大切な風景や時間を残しておきたい、という気持ちがあります。カメラにしても録音にしても、そんな人類の残したい気持ち(といったらおおげさですが)を、技術によって具現化したものではないかと思います。小説や詩などの文芸作品でも、ある特別な雰囲気や気持ちを文章のなかに閉じ込めて、自分はもちろん読者のこころのなかに再現できるようにしたいから書いていることもあります。そもそも日記はそういうものかもしれない。きょうのできごとはぜったに忘れたくない、だから書き留めておく、ということもある。いいことにしても悪いことにしても、です。

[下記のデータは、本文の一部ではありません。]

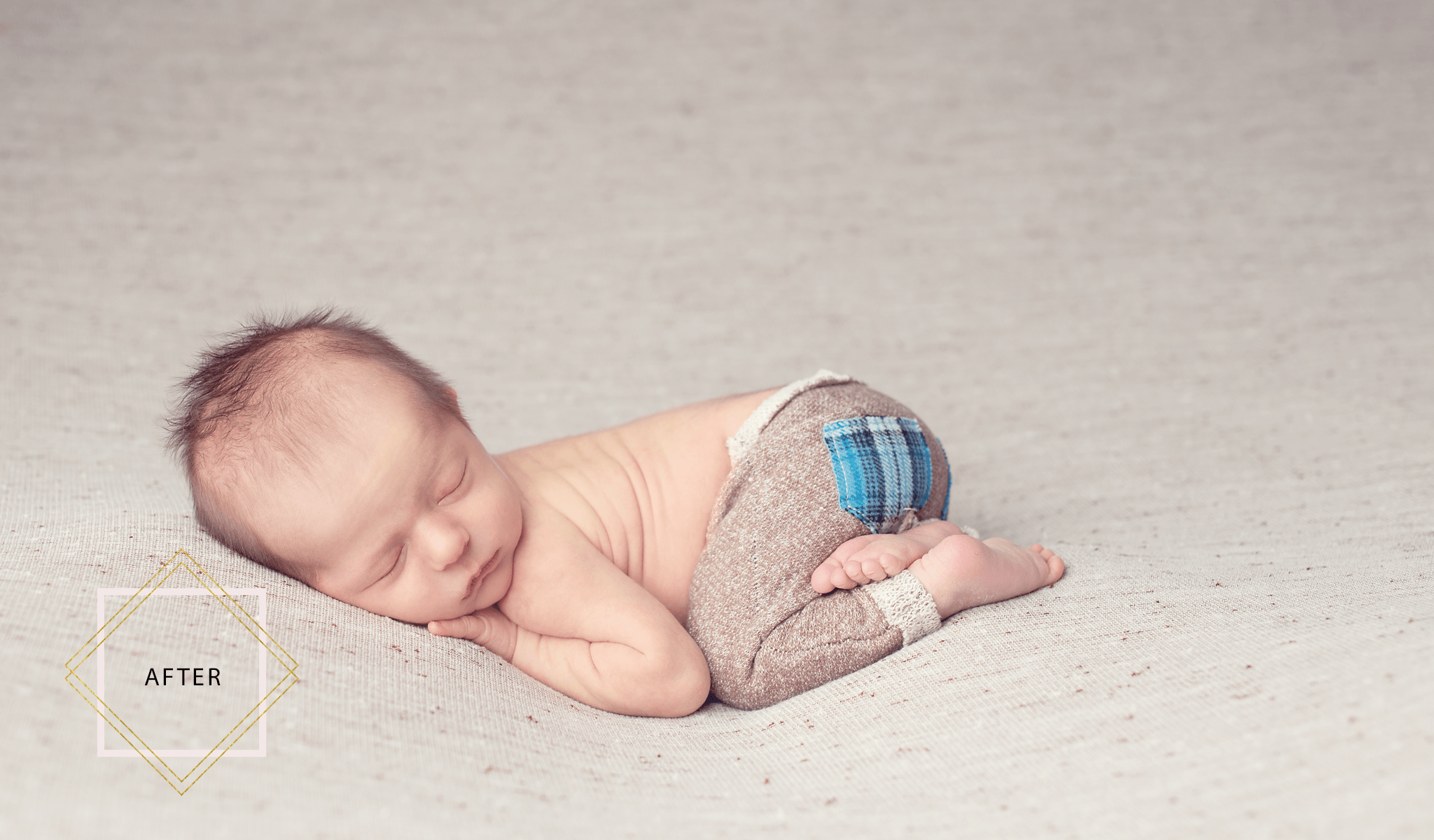 Newborn Photoshop Actions
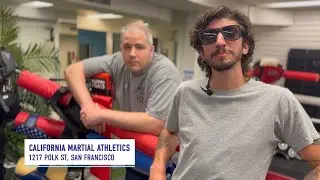 California Martial Athletics | Gym Walkthrough | CMA SF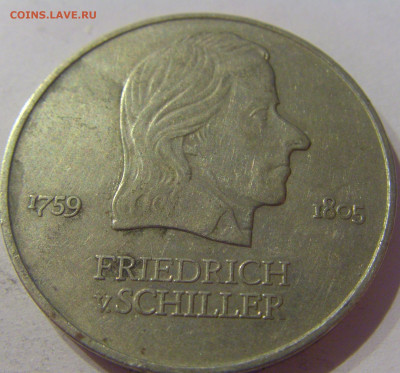 20 марок 1972 Шиллер ГДР №2Д 24.03.21 22:00 М - CIMG4964.JPG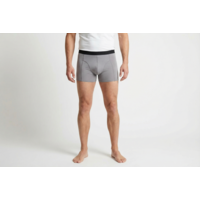 Beeren Heren Boxershort Hugo grijs 2-Pack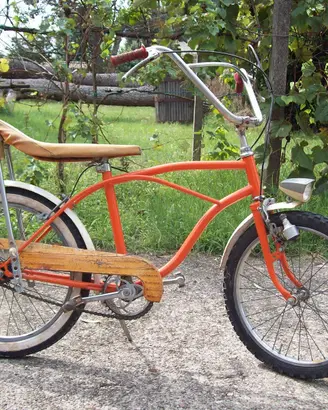 bicicletta cross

しかしながら、忘れないでおくことが幸せなのかどうか、いろんなものを残しておくと部屋も心の引き出しもいっぱいになるのではないか、もっとシンプルに抱え込まずに生きていけないか、ということをちょっと考えました。

年を取ると物忘れが多くなるものです。ぼくの母方のおばあさんは、とても負けず嫌いなひとだったので、年をとってから何かを忘れてしまうのがくやしかったようで、何度も孫のぼくたちの言葉を確認したり、メモに書き留めたりしていました。もちろんその気位の高さが若さを保つ秘訣なのかもしれませんが、あまり老化に逆らって覚えておこうと頑張るよりも、すうっと忘れてしまったほうがいいんじゃないか。そんな風にも思います。

そこで思い出したのが、小川洋子さんの「博士の愛した数式」です。本屋大賞という賞も受賞したようですが、ぼくも非常に感激してて読んだ本でした。とてもあったかい気持ちになる本です。高名な数学の博士がいて、彼は80分しか記憶が持たない。その彼の家で世話をする家政婦さんと、ルートと呼ばれる彼女の息子による物語です。80分しか記憶が持たないから、家政婦さんがいるということさえ忘れてしまう。だから身体のいたるところにメモを貼り付けている。

文庫本にもなったようですが、実は書籍は田舎の母に貸してしまって、いまぼくの手元にありません。しかしなぜこれを思い出したかというと、先日、息子とムシキングの映画に出かけたときに、映画化されたというパンフレットを手に入れたからです。2006年1月に公開らしい。博士は寺尾聰さんで、家政婦さんは深津絵里さんとのこと。うーん、原作はもうちょっと渋めな感じがしました。ちょっと若いキャスティングですね。ネットで調べてみると10月に試写会をやっているようで、実は僕が知らないだけでした。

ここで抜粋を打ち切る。